◆ **WORK TASK**: In the listing below, find the line with "Wallis Women's Petite" and copy every line from there up to and including the line with "Washable 3x5 Entryway", exactly and without pictures.
GIVEN RECORDS START
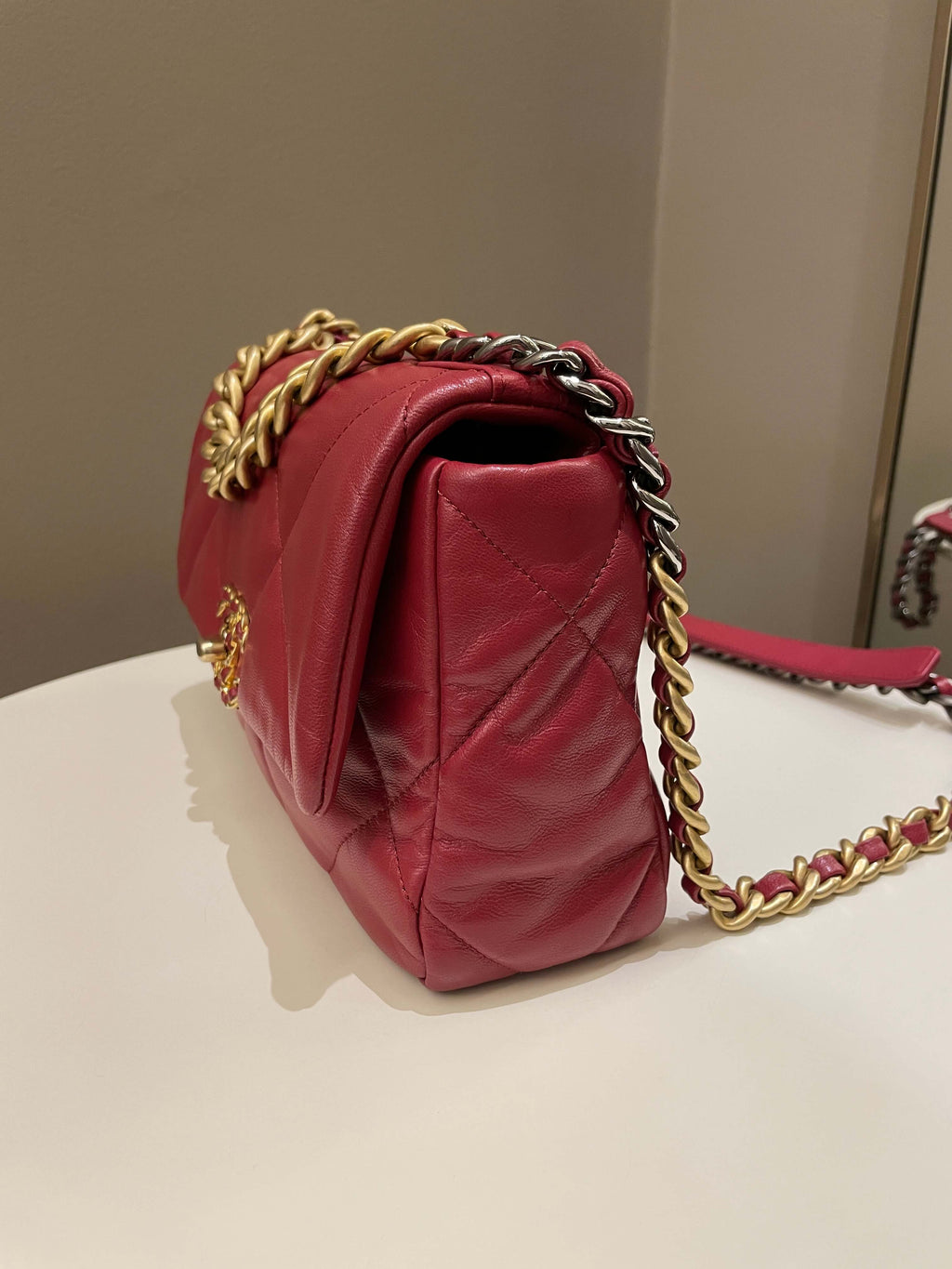 Chanel 19 Flap Bag Dark Red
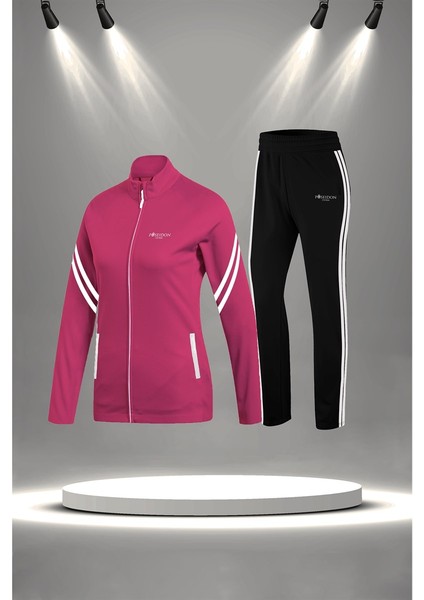 Kadın Fuşya Supra Penye Kumaş Fermuarlı Kapüşonlu Eşofman Takımı (S-3xl)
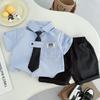 2Pcs/set Kids Stripe Tie Shirt Set Boys Casual Suits Clothes Tops + Short Pant Toddler Baby Set Summer For Boys Boys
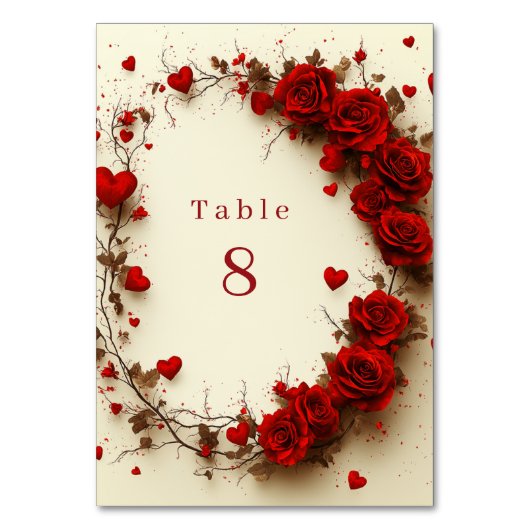 Numéro De Table Red Hearts Valentine's Day Wedding Celebration (Dos)
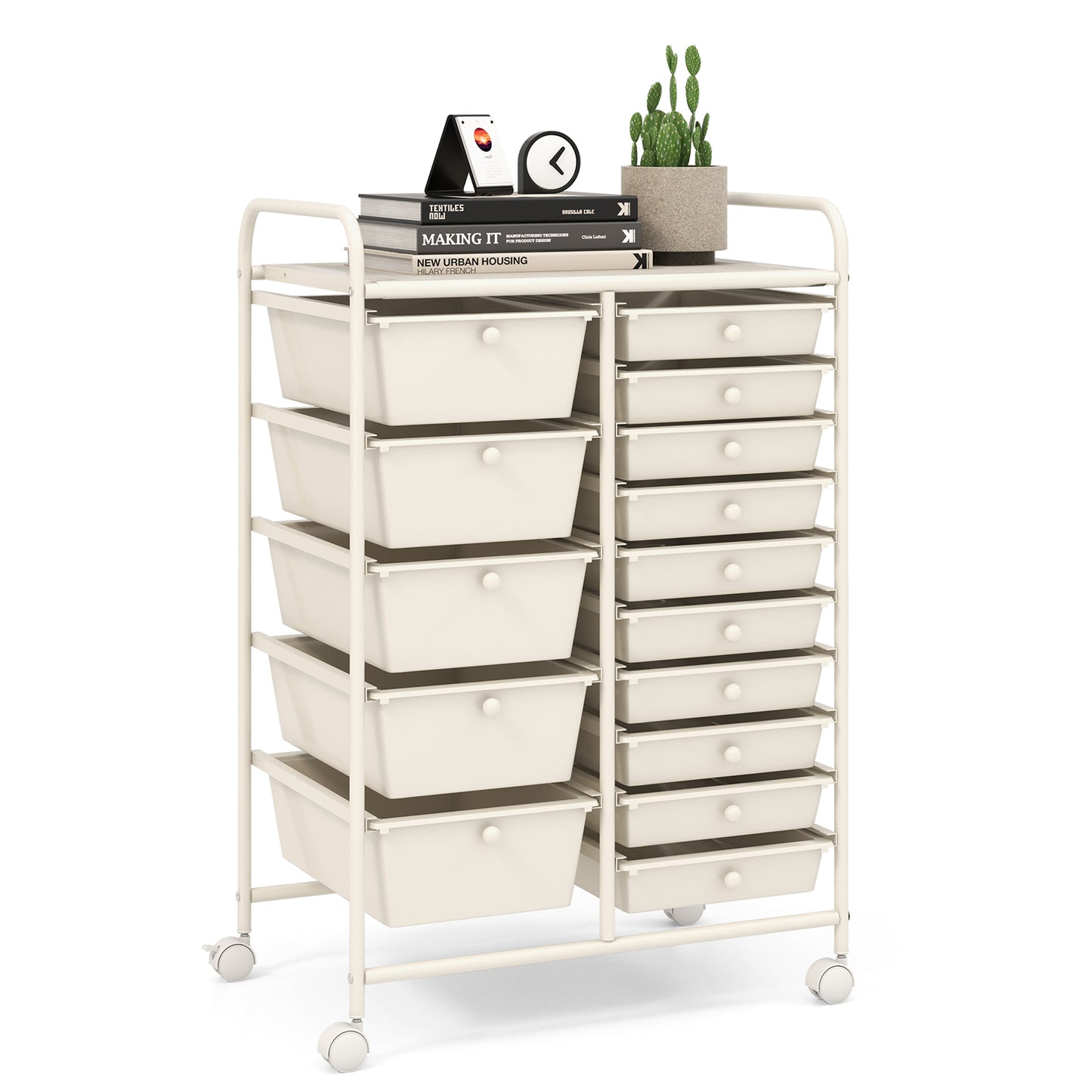 15-Drawer Utility Rolling Organizer Cart Multi-Use Storage-Purple - White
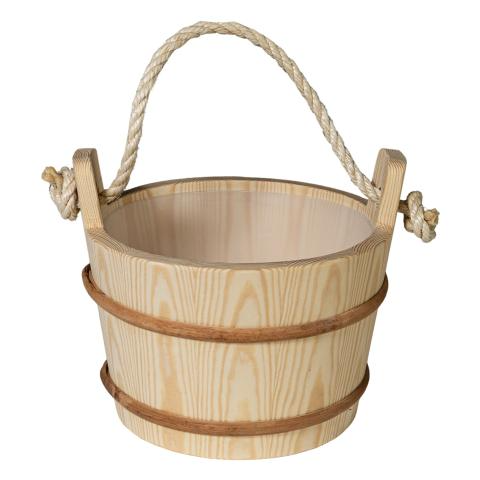 Prosaunas 4-Liter Lined Wood Rope Handle Sauna Bucket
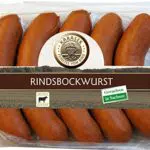 Bio Rindsbockwurst geräuchert aus Buchenholz Räucherofen
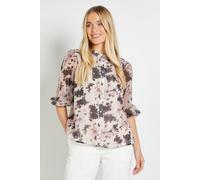 Wallis Women's Petite Floral Print Pleat Detail Organza Shirt in Ivory | Size: 18 Wallis Ivory 18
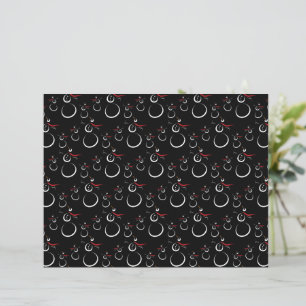 Cute Winter Snowman Pattern Black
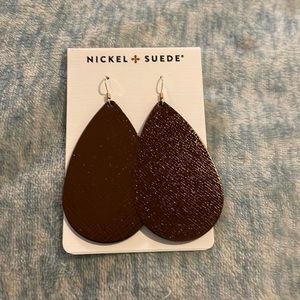 Cocoa Teardrop Nickel and Suede Earrings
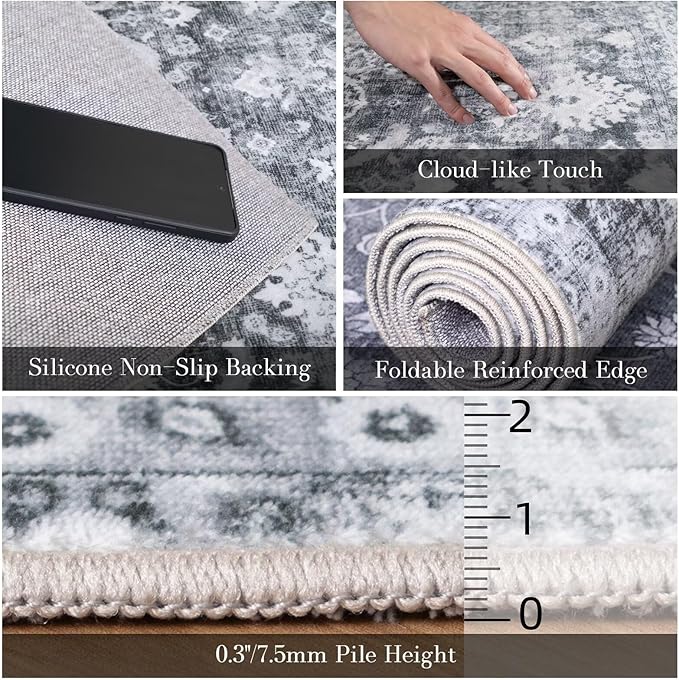 Washable 3x5 Entryway Rug, Boho Non-Slip Vintage Distress Small Rugs for Kitchen Nursery Office Bedroom, 0.3" Neutral Oriental Throw Thin Carpet with Cushioning Pad, Grey/Multi, C5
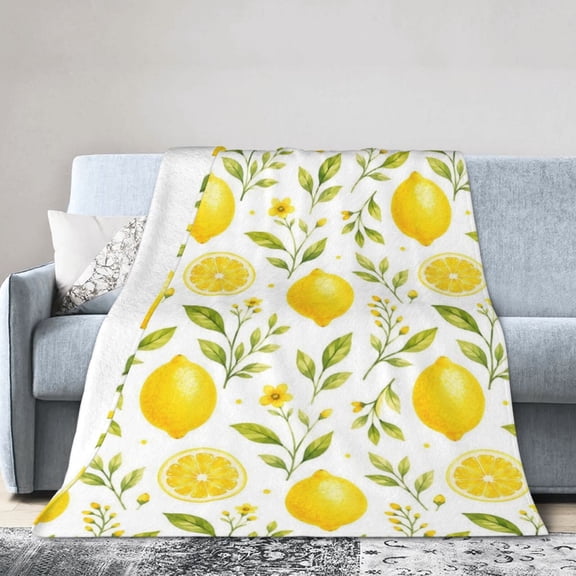 Lemon Citrus Botanical Blanket Gift Throw Blanket Gift for Women Summer Kitchen Home Decor 50x40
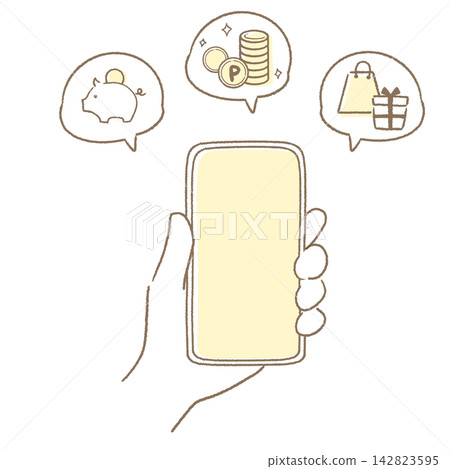 An illustration illustrating how to earn points using a smartphone. An illustration illustrating how to earn points using a smartphone. 142823595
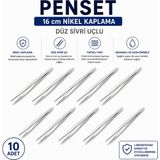 Labolist Penset Düz Sivri Uçlu 16 cm Nikel Kaplama 10 Adet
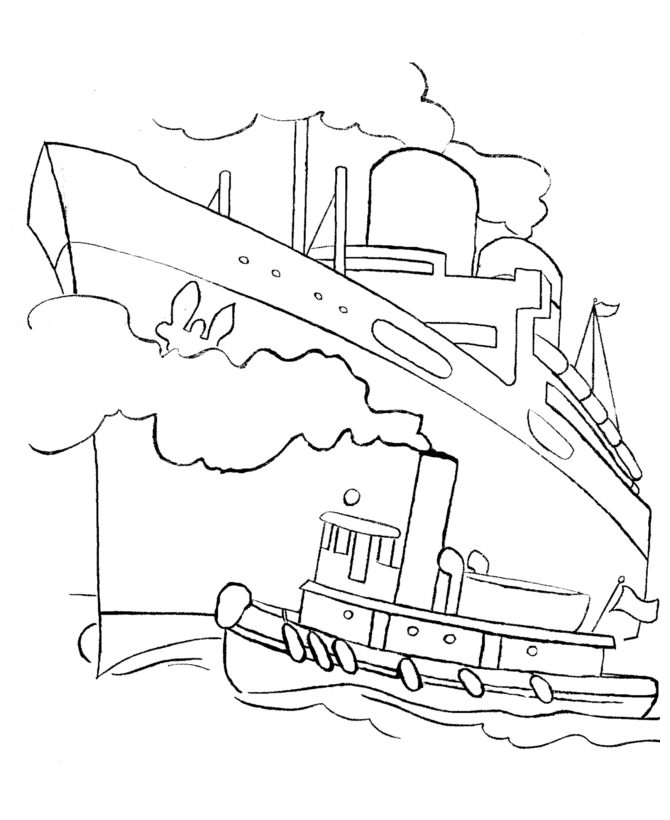 Ships and boats coloring pages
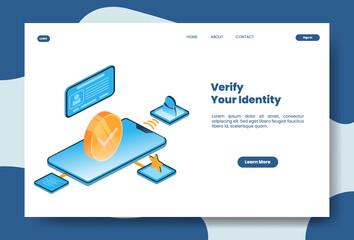 Modern isometric verify identity concept illustration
GIVEN RECORDS END
◆ **ANSWER FOR THIS EXERCISE**:
 Wallis Women's Petite Floral Print Pleat Detail Organza Shirt in Ivory | Size: 18 Wallis Ivory 18
 Cute Winter Snowman Pattern Black
 Cocoa Teardrop Nickel and Suede Earrings
 Washable 3x5 Entryway Rug, Boho Non-Slip Vintage Distress Small Rugs for Kitchen Nursery Office Bedroom, 0.3" Neutral Oriental Throw Thin Carpet with Cushioning Pad, Grey/Multi, C5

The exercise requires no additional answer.